Get ready to spend a few more bucks heating your home this winter. The average U.S. household will pay $986 during the 2010-2011 heating season, according to the Energy Information Administration. The year-over-year increase of $24 would be worse if not for the fact that heating degree-days are expected to be 3 percent warmer this winter.
Consumers who heat with oil will see the biggest hike in expenditures up an average of 11.5 percent to $1,906. That’s followed by propane (up 7.5 percent to $1,830) and natural gas (up 3.6 percent to $751). Consumers who heat with electricity will actually see their bills go down 1.9 percent on average to $959.
No matter where you fall in the EIA projections, you can reduce your energy bills this winter with the following advice from Consumer Reports:
Set thermostats for savings
Knock up to 20 percent off your heating costs by lowering your home’s thermostat 5 degrees at night and 10 degrees during the day. If you have an old analog thermostat, consider buying a new programmable one that lets you set different schedules. Read our report on programmable thermostats and check the Database of State Incentives for Renewables & Efficiency for rebates.
Seal air leaks
Insulating your attic and weather stripping around windows can slash annual energy costs by 30 percent. First plug large gaps around chimneys, furnace flues, plumbing pipes, ductwork, light fixtures and soffits. Then lay insulation between attic-floor joists and on the hatch or door, or replace insulation if what you have is old and worn (dirty insulation is a sign of air infiltration). Don’t forget to insulate ceilings in unheated basements and around the walls in heated basements or unvented crawl spaces. Also be sure to insulate ducts and hot-water pipes. Federal energy tax credits will help cover the costs if you complete the work before December 31.
Review billing options
Many utilities and heating-fuel suppliers tout level-billing plans that let you “lock in” fuel prices at earlier rates as a hedge against huge winter bills. In reality, level billing simply divides your estimated annual bill over the next 12 months. Keep the extra cash in your bank account, where it will earn interest. Though fuel lock-in plans can be a good deal if prices rise fast, surcharges and cancellation fees often eliminate any real savings.

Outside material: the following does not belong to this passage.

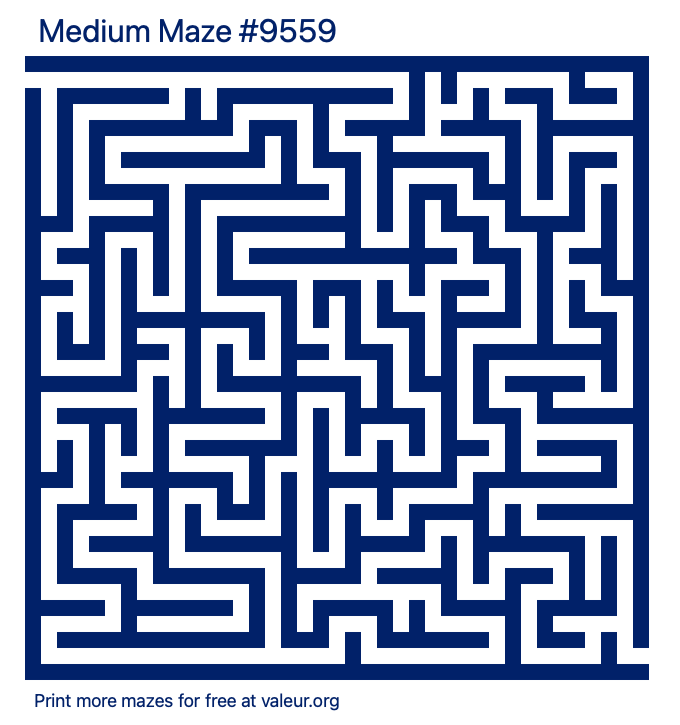 Free Printable Medium Maze number 9559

Consider alternative energy
If used judiciously, a wood pellet stove can help trim your heating costs. Based on our tests, burning pellets costs roughly 15 percent less than oil and nearly 40 percent less than electricity. Read our full report for details on proper usage as well our Ratings of six models. Upgrading to a solar or hybrid water heater is another way to lower your energy bill. Federal energy tax credits apply for many models.
Inspect heating equipment
Have a heating and cooling technician check gas- or oil-fired furnaces, boilers, water heaters and dryers to make sure they’re running efficiently and safely. And remember to install a smoke and carbon-monoxide alarm on each floor.
If heat is extracted from the air to heat the water, doesn't that cool the air and increase the load on whatever is heating the air?
We have subcribed to your magazine for many years. Today I wanted information on energy efficient gas furnaces and have been able to find information from swiss cheese to condoms but no gas furnaces!! What is up with that????
The never ending battle with energy inflation! I don't think my monthly energy bill will ever go down and hasn't in my lifetime..... Luckily more products are available now helping homeowners reduce monthly energy cost that is a cool and nice looking product.
For homeowners, the best option we have at our disposable is alternative energy. Alternative energy is a suitable energy source that will help offset some if not all of our current energy cost.
Instructables is a good and FREE Do-it-Yourself website. Ton of products that will help homeowners cut down on energy costs. The solar section was extremely interesting which you can visit at:
I agree with Tom D- am disappointed to find zero information on your site to assist in the major purchase of a gas furnace/ air conditioning condenser unit.